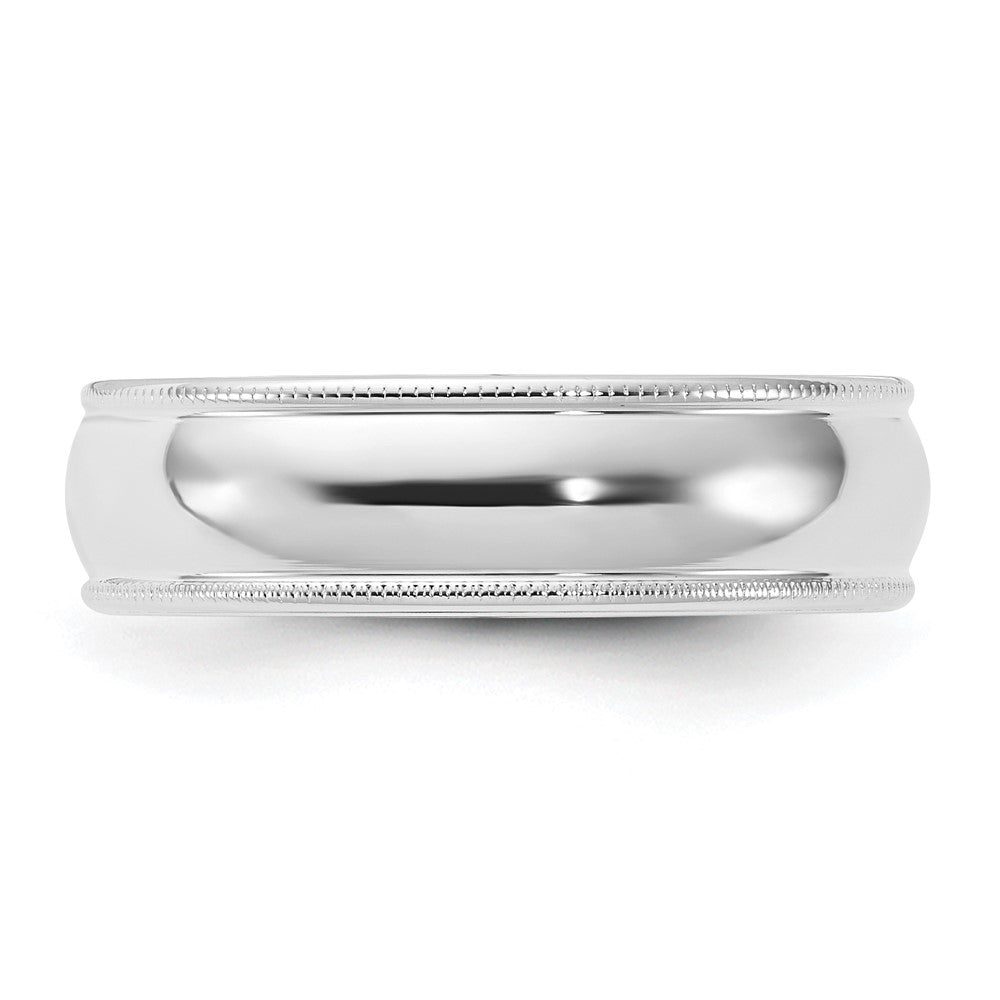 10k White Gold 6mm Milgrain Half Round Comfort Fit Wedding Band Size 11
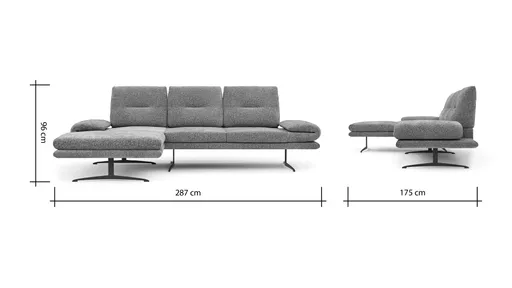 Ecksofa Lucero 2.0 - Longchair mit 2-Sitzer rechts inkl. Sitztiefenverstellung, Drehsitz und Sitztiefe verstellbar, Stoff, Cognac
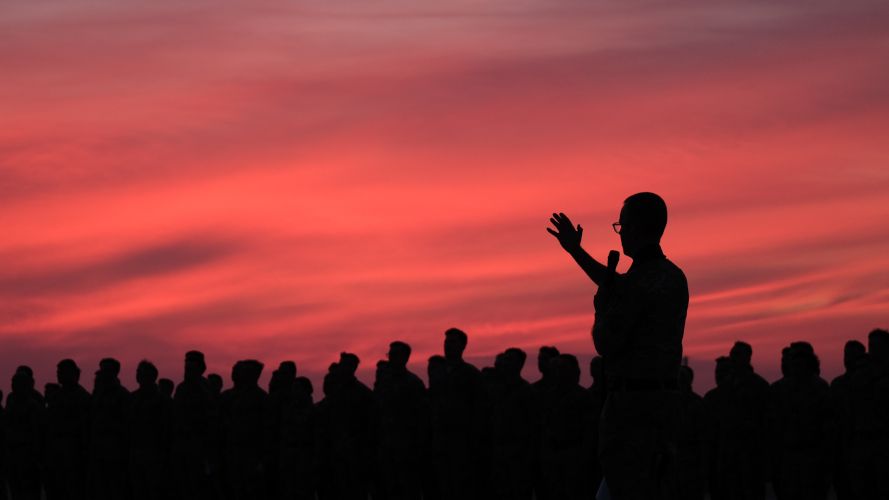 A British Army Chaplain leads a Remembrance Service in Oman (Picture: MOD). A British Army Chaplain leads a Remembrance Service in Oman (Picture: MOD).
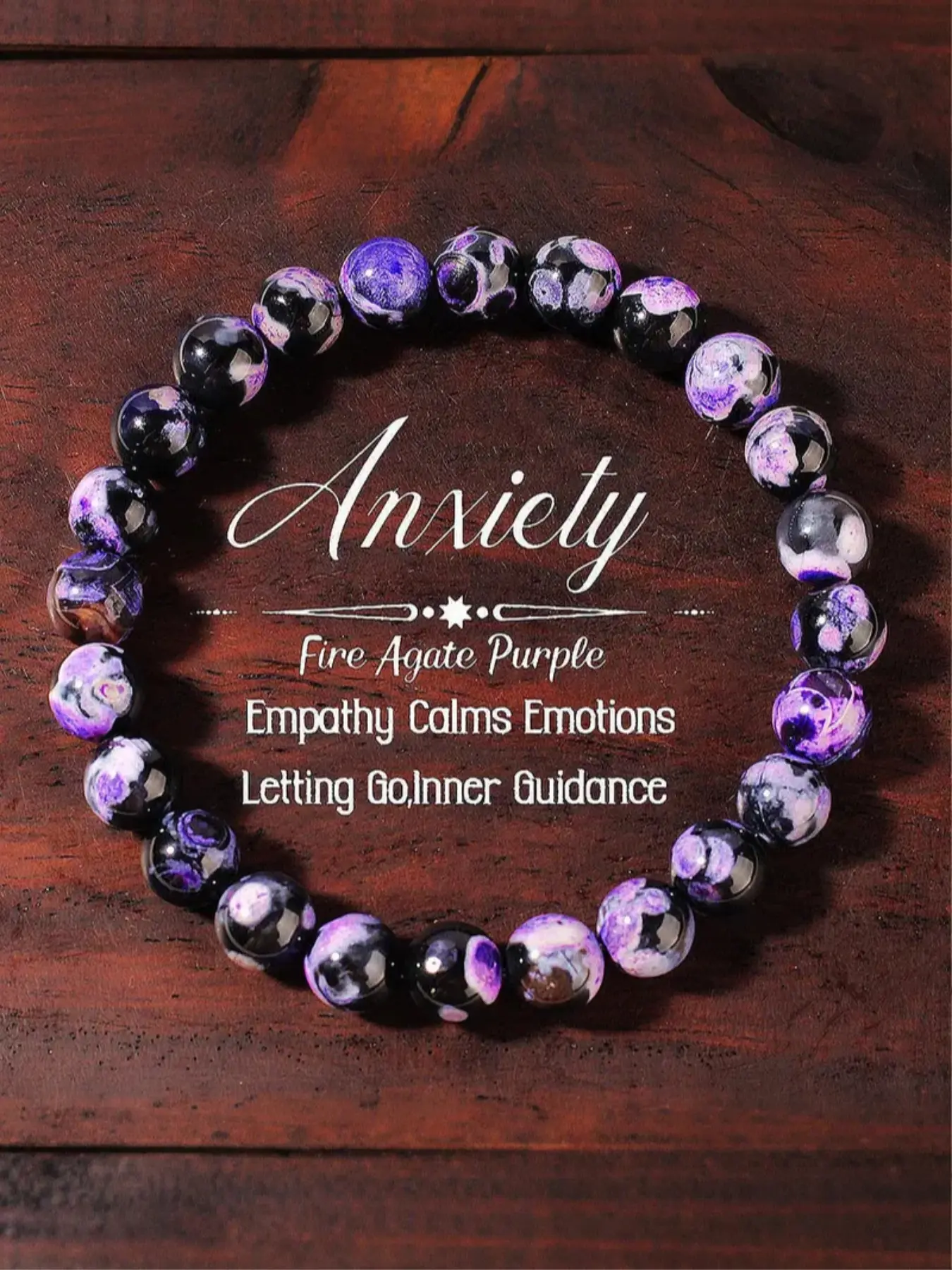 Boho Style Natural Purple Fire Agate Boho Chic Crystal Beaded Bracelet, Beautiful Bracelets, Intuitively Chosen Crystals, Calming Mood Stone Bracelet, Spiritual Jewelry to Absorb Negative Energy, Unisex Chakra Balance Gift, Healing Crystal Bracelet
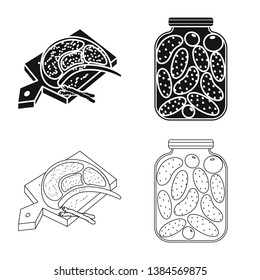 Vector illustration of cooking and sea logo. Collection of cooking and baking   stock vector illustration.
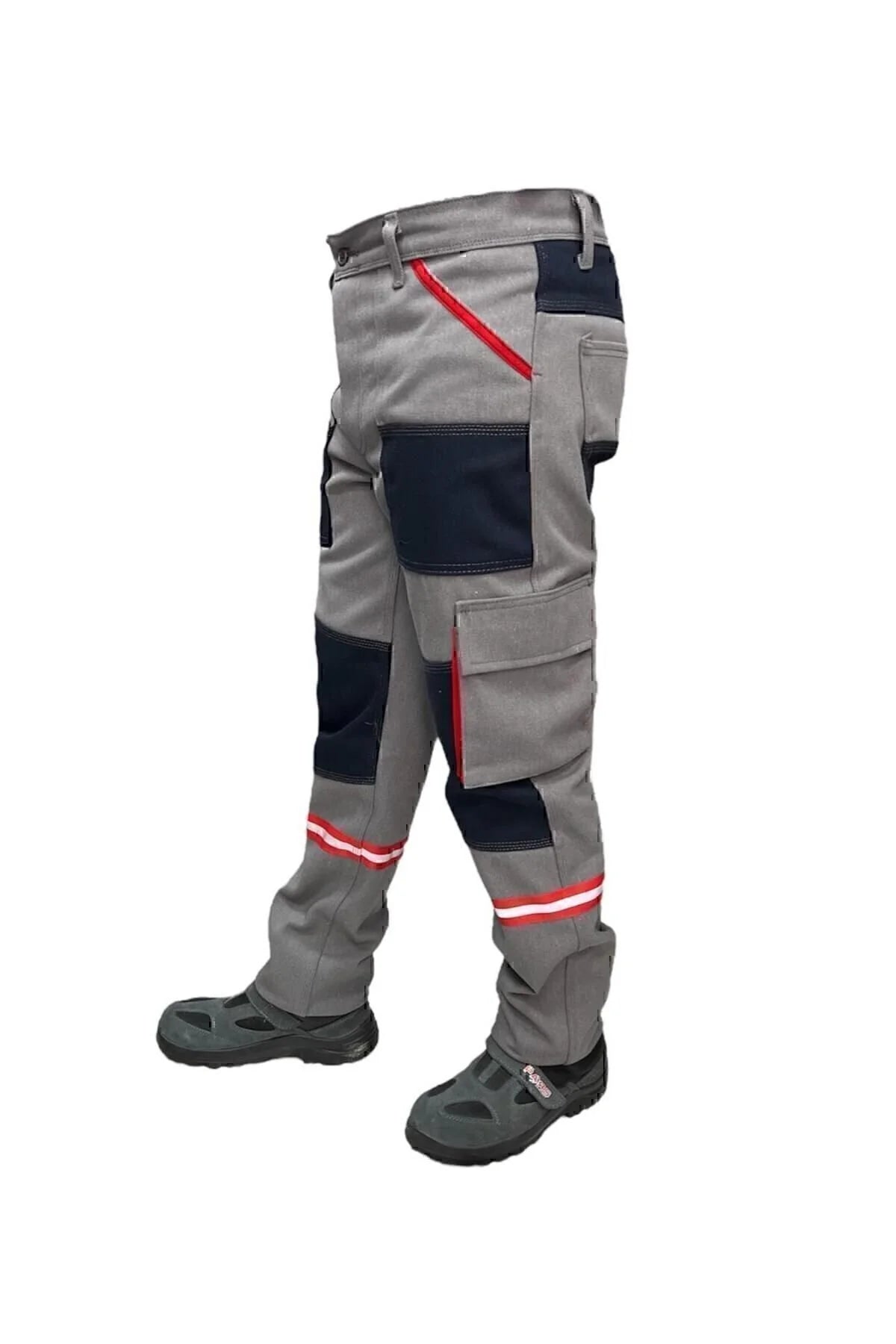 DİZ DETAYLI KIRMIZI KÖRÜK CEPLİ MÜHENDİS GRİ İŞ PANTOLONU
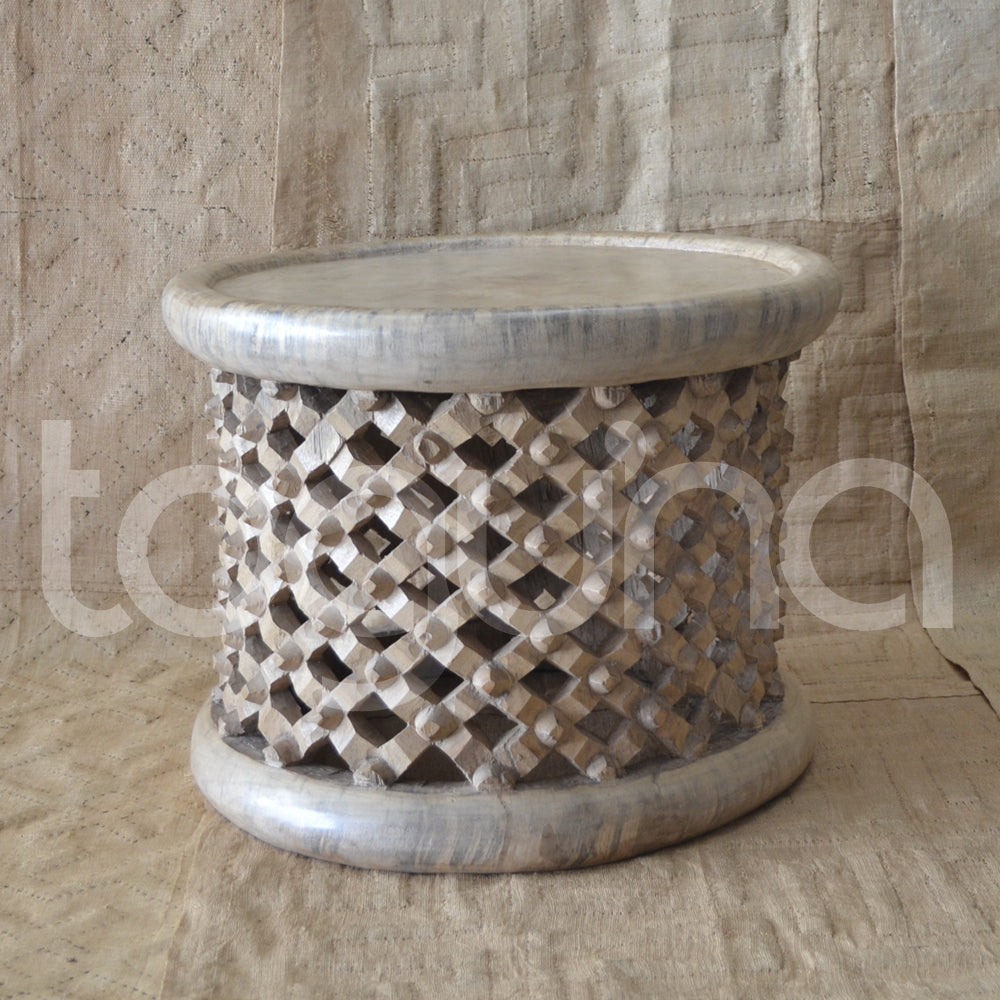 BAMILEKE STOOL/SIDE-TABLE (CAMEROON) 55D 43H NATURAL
+-------+
### Problem details
Reproduce exactly the lines from the one containing "Vector illustration of" through the last line of the records, both included, leaving out every picture.

### Task solution
 Vector illustration of cooking and sea logo. Collection of cooking and baking   stock vector illustration.
 DİZ DETAYLI KIRMIZI KÖRÜK CEPLİ MÜHENDİS GRİ İŞ PANTOLONU
 BAMILEKE STOOL/SIDE-TABLE (CAMEROON) 55D 43H NATURAL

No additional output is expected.